User:Tash/Prototyping 02

From XPUB & Lens-Based wiki

Python Research: NLTK Synonyms

Using NLTK to create python script which will:

  • read text input (using stdin)
  • use NLTK Wordnet package to search for synonyms of each word
  • use for loop and append function to replace each word with a synonym
  • print text output (using stdout)

Original tutorial: Using WordNet to get synonymous words
from https://likegeeks.com/nlp-tutorial-using-python-nltk/

from nltk.corpus import wordnet
 
synonyms = []
 
for syn in wordnet.synsets('Computer'):
 
    for lemma in syn.lemmas():
 
        synonyms.append(lemma.name())
 
print(synonyms)

The output is:

['computer', 'computing_machine', 'computing_device', 'data_processor', 'electronic_computer', 'information_processing_system', 'calculator', 'reckoner', 'figurer', 'estimator', 'computer']

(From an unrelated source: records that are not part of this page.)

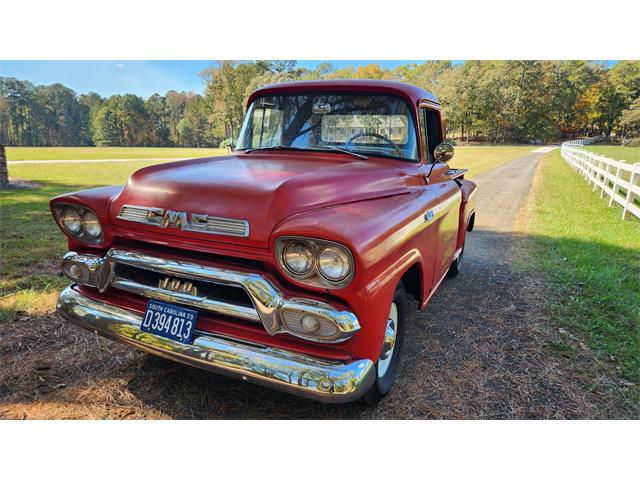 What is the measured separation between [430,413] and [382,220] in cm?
124

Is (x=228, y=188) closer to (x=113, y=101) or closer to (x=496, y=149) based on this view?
(x=113, y=101)

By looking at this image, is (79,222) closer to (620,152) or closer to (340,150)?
(340,150)

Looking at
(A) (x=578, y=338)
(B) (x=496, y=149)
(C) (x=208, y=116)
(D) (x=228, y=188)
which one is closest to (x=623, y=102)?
(A) (x=578, y=338)

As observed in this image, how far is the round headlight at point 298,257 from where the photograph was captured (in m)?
1.87

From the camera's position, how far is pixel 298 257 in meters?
1.88

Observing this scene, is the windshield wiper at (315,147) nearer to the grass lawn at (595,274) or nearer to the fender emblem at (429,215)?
the fender emblem at (429,215)

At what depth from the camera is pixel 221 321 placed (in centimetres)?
208

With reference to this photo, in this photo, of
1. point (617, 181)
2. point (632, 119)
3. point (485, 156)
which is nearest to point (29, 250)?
point (632, 119)

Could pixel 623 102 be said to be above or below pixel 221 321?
above

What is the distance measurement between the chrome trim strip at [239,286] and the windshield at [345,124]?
1.54 m

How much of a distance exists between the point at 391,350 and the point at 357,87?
201cm

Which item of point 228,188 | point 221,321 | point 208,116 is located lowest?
point 221,321

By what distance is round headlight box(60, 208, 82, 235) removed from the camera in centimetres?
247

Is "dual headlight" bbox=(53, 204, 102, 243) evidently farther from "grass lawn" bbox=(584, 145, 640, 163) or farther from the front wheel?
"grass lawn" bbox=(584, 145, 640, 163) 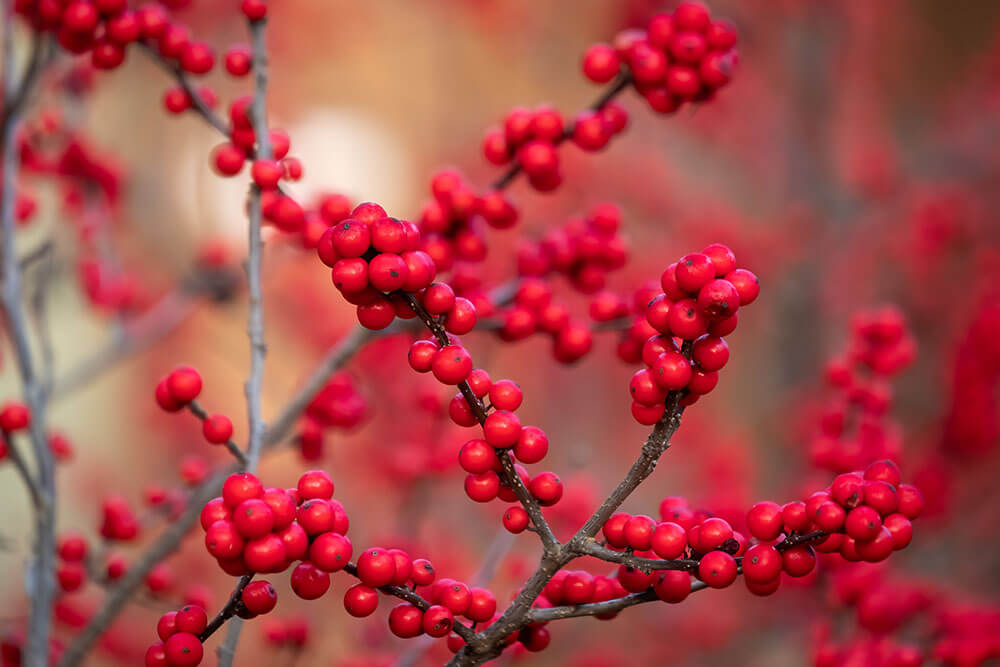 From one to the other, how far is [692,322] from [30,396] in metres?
0.66

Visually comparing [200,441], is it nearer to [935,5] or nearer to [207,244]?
[207,244]

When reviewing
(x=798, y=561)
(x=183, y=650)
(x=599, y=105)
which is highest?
(x=599, y=105)

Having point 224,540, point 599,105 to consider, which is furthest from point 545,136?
point 224,540

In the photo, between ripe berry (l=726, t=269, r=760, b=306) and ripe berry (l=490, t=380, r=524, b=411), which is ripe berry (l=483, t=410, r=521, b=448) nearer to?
ripe berry (l=490, t=380, r=524, b=411)

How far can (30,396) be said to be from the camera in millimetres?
771

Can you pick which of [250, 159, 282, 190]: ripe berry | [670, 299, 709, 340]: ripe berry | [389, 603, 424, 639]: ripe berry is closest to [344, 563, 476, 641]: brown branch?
[389, 603, 424, 639]: ripe berry

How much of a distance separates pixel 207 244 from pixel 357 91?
268cm

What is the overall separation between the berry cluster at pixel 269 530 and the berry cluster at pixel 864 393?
1.78 feet

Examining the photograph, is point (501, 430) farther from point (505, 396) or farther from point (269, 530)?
point (269, 530)

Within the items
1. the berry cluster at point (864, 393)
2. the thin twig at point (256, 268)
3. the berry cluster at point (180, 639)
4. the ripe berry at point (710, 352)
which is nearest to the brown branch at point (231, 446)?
the thin twig at point (256, 268)

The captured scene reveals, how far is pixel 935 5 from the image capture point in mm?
3553

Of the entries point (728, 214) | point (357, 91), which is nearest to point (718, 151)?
point (728, 214)

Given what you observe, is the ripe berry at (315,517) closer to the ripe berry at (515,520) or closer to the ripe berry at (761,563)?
the ripe berry at (515,520)

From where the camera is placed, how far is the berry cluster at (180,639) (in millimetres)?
442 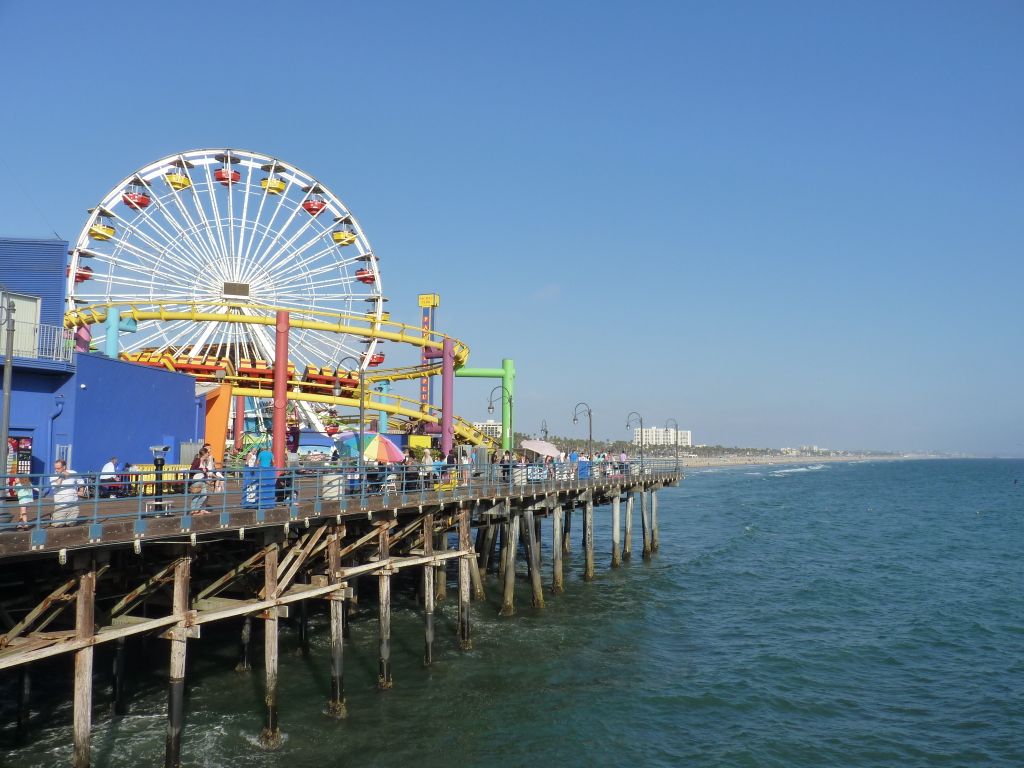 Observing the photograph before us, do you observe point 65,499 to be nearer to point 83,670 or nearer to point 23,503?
point 23,503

I edited the script to use stdin, stderr, stdout, loops and also added if functions to debug some flaws:

from nltk.corpus import wordnet
from sys import stdin, stderr, stdout
import random 
 
print ("Type in some text. Don't forget to CTRL D to end file.", file=stderr)
sentence=stdin.read()

#Empty list which will be used for output:
newsentence = []
#Empty list which is used to collect unusable synonyms:
trash = []

words=sentence.split()
for x in words:
	print ("Processing:", x, file=stderr)
	print ("", file=stderr)

	#The NLTK package has a bug - it recognizes the article 'a' as a noun and gives unusable synonyms for it.
	#This if function stops the script from processing any instances of 'a'.
	if (x == 'a' or x =='A'):
		newsentence.append(x)

	else:
		synonyms = []
		for syn in wordnet.synsets(x):
			for lemma in syn.lemmas():
				i = lemma.name().strip()
				if i == x:
					trash.append(i)
				else:
					synonyms.append(i)

		#This if function counts the number of synonyms that WordNet returns.
		#If there are no synonyms found it will append the original word.
		if len(synonyms) == 0:
			newsentence.append(x)
		
		else:
			#This else option returns the next synonym as found by WordNet.
			# nextsyn = synonyms[0]
			# print ("Next synonym:", nextsyn, file=stderr)
			# print ("", file=stderr)
			# newsentence.append(nextsyn)

			#This else option returns a random synonym.
			print (synonyms, file=stderr)
			r = (random.choice(synonyms)) 
			print ("Randomizer:", r, file=stderr)
			print ("", file=stderr)	
			newsentence.append(r) 
 
print ("New sentence:", " ".join(newsentence))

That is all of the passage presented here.